● Task item:
Provide the data again exactly, including every line that follows.

------ Input data

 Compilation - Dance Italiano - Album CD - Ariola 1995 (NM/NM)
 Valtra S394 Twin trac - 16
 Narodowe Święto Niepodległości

------------

● Answer to this exercise:
 Compilation - Dance Italiano - Album CD - Ariola 1995 (NM/NM)
 Valtra S394 Twin trac - 16
 Narodowe Święto Niepodległości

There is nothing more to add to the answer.